I seem to have the same problem everyone else does with the old style 15 pin game port. When I do a controller calibration for my CH Virtual Pilot Pro with pedals the Z axis value (throttle) returns the Y axis value (elevator) randomly about 5-10 times per second for a very quick instance then returns back to the correct Z axis value. Likewise the Y value returns the Z axis value but not as often. Of course there is no interest in fixing this problem conventionally by any driver software engineer that I can find. So I am seeking help here!

I read about a filter in the controller section in FSUIPC4 that is designed to smooth out the controllers response. However I am concerned that the filter won't suffice as it may simply average incorrect data with true data and ultimately changes the true value of the axis a bit after filtering. Has anyone found any real type of fix for this crazy problem so Windows XP doesn't do this?

I know nothing about the filter in FSUIPC4 as it stands but perhaps using a filter correction scheme that simply excludes any values that are obviously not part of the average instantaneous data would suffice.

A suggestion on my part but would be to implement a simple filter algorithm that aquires the RMS value of the controller data. The RMS method senses the "true power factor" of the data while short bursts of erroneous data have a minor influence. It's like bouncing a basketball against a heavy rudder, not much happens.

I haven't purchased Pete's software yet and I am hoping someone else with a similar problem can verify that his current filter works for this type of problem. He mentioned it was not a perfected filter by any means but if it works I will probably purchase the software. If you know how to alert Pete to this post that would be great.

Any help appreciated.

Thanks

Alan

Posted

AFAIK the filter was designed to filter out spikes primarily for the 767PIC aircraft.

It acts on rudder, aileron, and elevator (each are selected individually) but it is not designed to filter out an incorrect axis.

I have no idea how it works but suspect it acts more like a 'cut' filter rather than averaging the values. What would happen on the PIC767 was that the rudder would flick from side to side and sometimes go hard over to one side, the filter reduced or eliminated that movement.

I assume you have asked this question in Pete's forum?

Regards

Posted

This is a duplicate thread, somehow. See viewtopic.php?f=54&t=68875 for my original answers, except for this addition:

AFAIK the filter was designed to filter out spikes primarily for the 767PIC aircraft.

It acts on rudder, aileron, and elevator (each are selected individually) but it is not designed to filter out an incorrect axis.

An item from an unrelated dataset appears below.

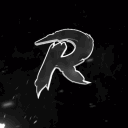 /resolve • active • pfps Discord server icon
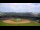 Webcam in Fort Myers, Florida, 17.8 mi away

Ah, no, that's the "spike remover" on the Miscellaneous options tab. That merely removes any absolute minimum and maximum values from the input, on the basis that they aren't real. If you use those you have to calibrate with a little bit of leeway at the extremes so that the real inputs never get such spikes. The ones from the Wilco aircraft were if software origins, not from the joystick,

The filter facility being discussed before is the one operated by the "Filter" checkbox on the joystick calibration pages.